### What this task involves
Starting at the first entry below, repeat all the data word for word and drop the pictures.

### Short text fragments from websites
****************

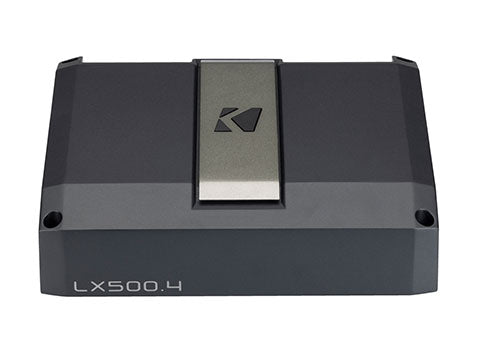 Kicker LX5004 4-Channel Amplifier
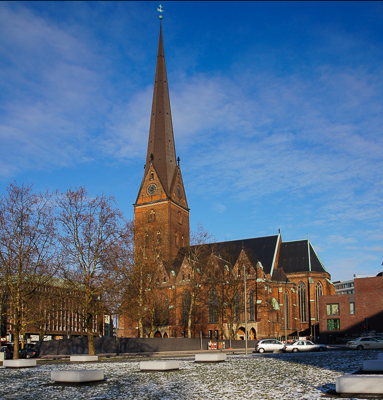 St. Petri Kirche Hamburg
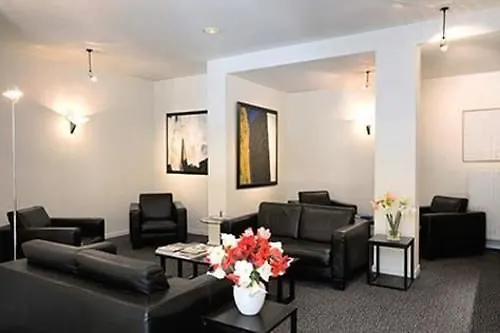 Hotel Argus By Happyculture Saint-Gilles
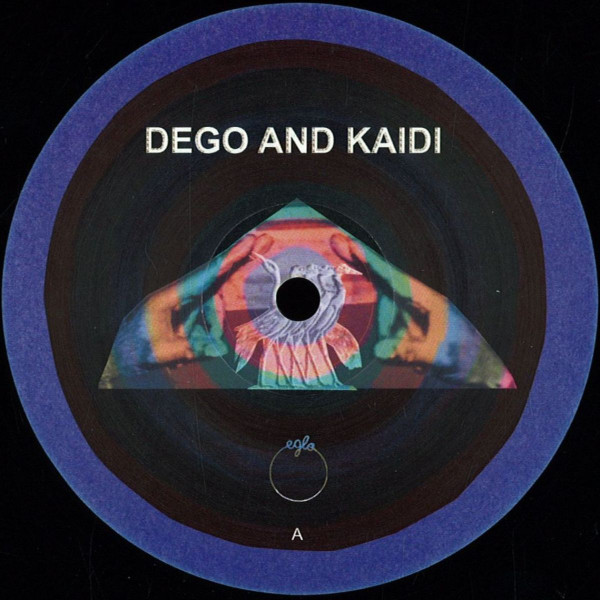 Dego And Kaidi Tatham - Dego And Kaidi EP | Eglo Records (EGLO32)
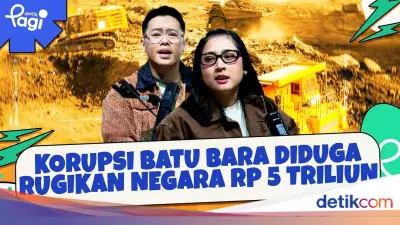 Korupsi Batu Bara sejak 2018 Picu Blackout, Polri Ungkap Modus Manipulasi Kualitas dan Kuantitas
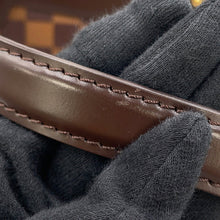 Load image into Gallery viewer, LOUIS VUITTON Verona RedN41117 Damier Ebene Canvas Size PM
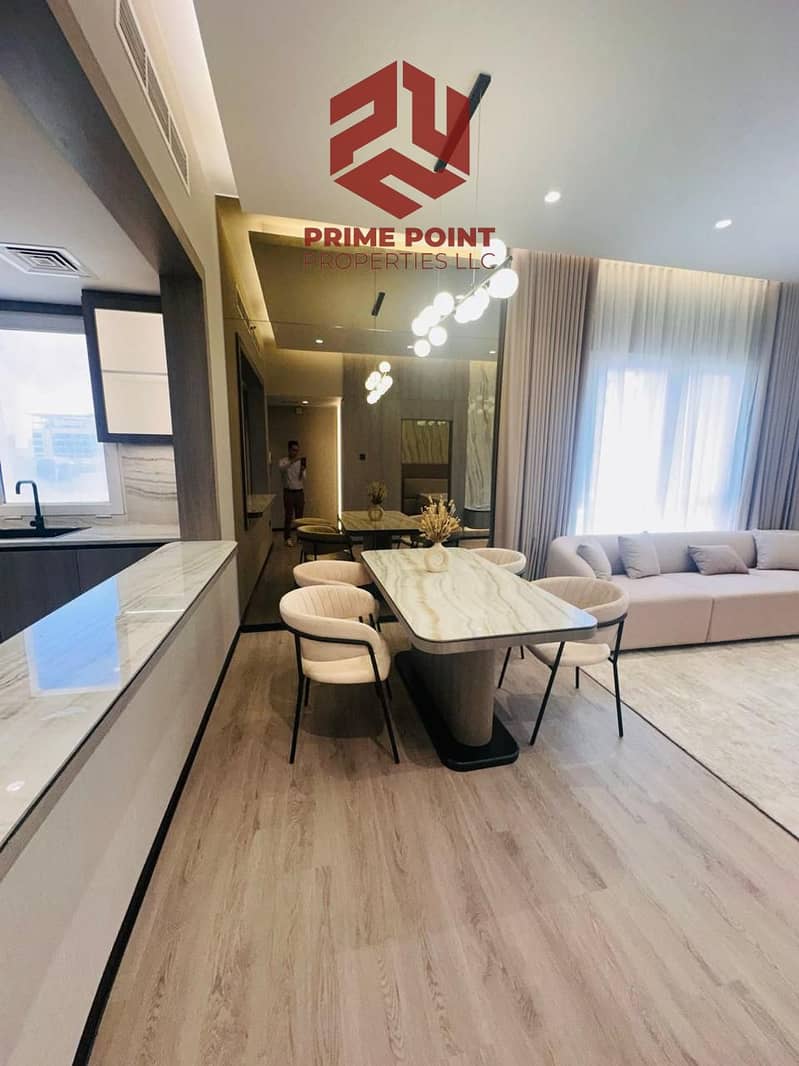 Fully Renovated & Furnished 1BHK | Best Price | Silicon Star 2 – DSO - Image 6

****************

### Written response
 Kicker LX5004 4-Channel Amplifier
 St. Petri Kirche Hamburg
 Hotel Argus By Happyculture Saint-Gilles
 Dego And Kaidi Tatham - Dego And Kaidi EP | Eglo Records (EGLO32)
 Korupsi Batu Bara sejak 2018 Picu Blackout, Polri Ungkap Modus Manipulasi Kualitas dan Kuantitas
 Load image into Gallery viewer, LOUIS VUITTON Verona RedN41117 Damier Ebene Canvas Size PM
 Fully Renovated & Furnished 1BHK | Best Price | Silicon Star 2 – DSO - Image 6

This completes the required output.